In the case of Shoharat Singh v Jafri Begum, the privy council held that marriage under Muslim law is a religious ceremony. Under Islam, marriage is recognised as a basis of society. Marriage is an institution which leads to upliftment of man and is also a means for the continuance of the human race.

Divorce is the end of such a marital relationship, as under Muslim law there are two modes given for the dissolution of marriage-

  • Divorce
  • Talaq

In daily life, these two terms are alternatively used, but under Muslim law, if a person seeks “divorce”, he will be governed by the provisions of Dissolution of Muslim Marriage Act, 1939. Whereas, “Talaq” proceedings are governed by Muslim Personal Laws.
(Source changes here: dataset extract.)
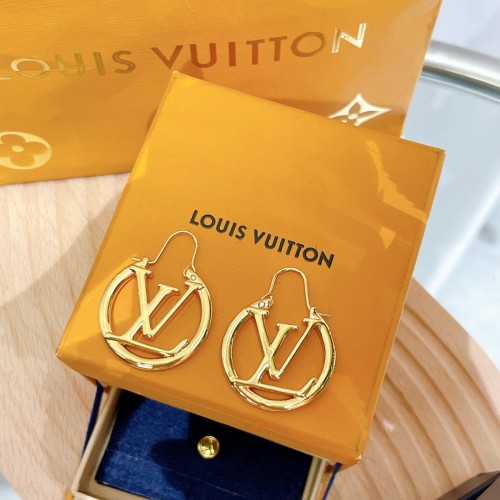 Louis Vuitton Luxury Womens Earrings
After the very infamous case of triple talaq, people have become more curious to know about the Muslim law for talaq. The Supreme Court has already ruled that triple talaq is an illegal practice and that a Muslim marriage cannot be dissolved by this method. If the husband still does so, he shall be punished for up to 3 years of imprisonment. This was one of the biggest developments in family law legislation. Marriage is an institution recognised by Indian legislation as sacred. Similarly, divorce is also recognised by most of the religions practiced in India. Islam was the first religion to expressly recognise divorce, or talaq, as the termination of a marriage. In the pre-Islamic era, the husband was given unlimited powers with regard to divorce, and women were considered the mere property of a man. Due to this, social evils and moral ills rose in society, and talaq became a matter of equity and great concern, especially for women. Majorly, two problems originate from the very concept of talaq under Muslim law, first, the method of divorce (triple talaq); and second, the inequality between husband and wife in the marriage.

Before diving into the laws, let’s first try to understand the basic terms and concepts of talaq.

Divorce under Muslim law

Pre-Islamic era

In pre-Islamic Arab society, husbands used to possess unlimited powers concerning divorce. They had the power to divorce a woman at any time, with or without reason. Divorce by the husband was revocable at the will of the husband and could be granted as many times as he wished. There existed at least four types of methods for the dissolution of marriage that were practised in pre-Islamic Arabia. A woman was free to remarry after divorce, but not before serving the period of iddat. The period of iddat was to determine the legitimacy of the child. But at that time, this wasn’t a strict rule. 

Post-Islamic era

After the advent of Islam, the Prophet discouraged such customs of divorce and considered the practice a means to undermine the foundation of society. Since the customs have been in practice since time immemorial, the prophet had to mold the laws and wasn’t able to change them in its entirety. The Prophet allowed the practice of divorce by the husband under some conditions. The reforms marked a new journey in the history of eastern legislation. The right to seek separation on reasonable grounds was given to the women. To place an effective check on the rates of divorce and remarriage, the prophet considered that it should be essential for remarriage that the woman marry another man, consummate the marriage, and follow the period of iddat. Though this idea was brought about to curb remarriages, critics accused the procedure of being a disgusting ordeal and a major show of disrespect for women.  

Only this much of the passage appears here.